→ **Problem**
Transcribe the data exactly, pictures excluded.

→ **Data segment**
────────────────────────────────────────
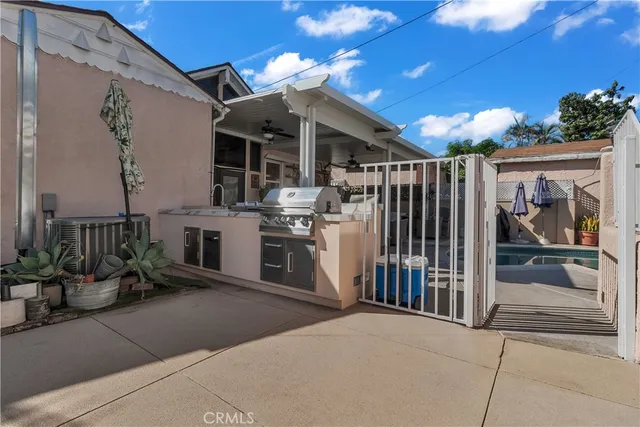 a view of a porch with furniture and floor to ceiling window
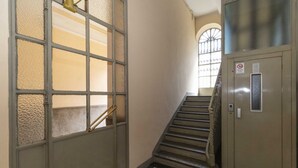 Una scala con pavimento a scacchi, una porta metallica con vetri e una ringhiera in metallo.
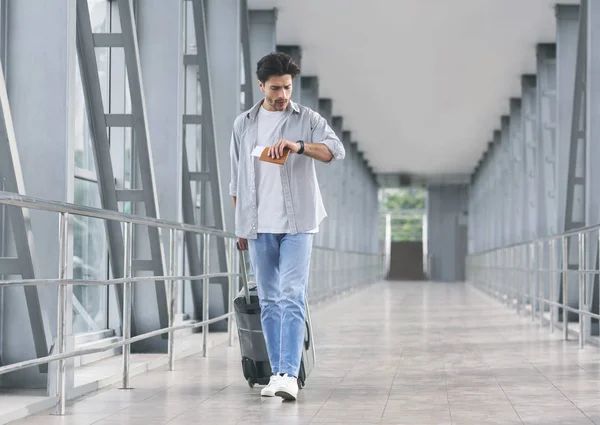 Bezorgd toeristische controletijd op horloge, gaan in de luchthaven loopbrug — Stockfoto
────────────────────────────────────────
→ **The completed task**
 a view of a porch with furniture and floor to ceiling window
 Una scala con pavimento a scacchi, una porta metallica con vetri e una ringhiera in metallo.
 Bezorgd toeristische controletijd op horloge, gaan in de luchthaven loopbrug — Stockfoto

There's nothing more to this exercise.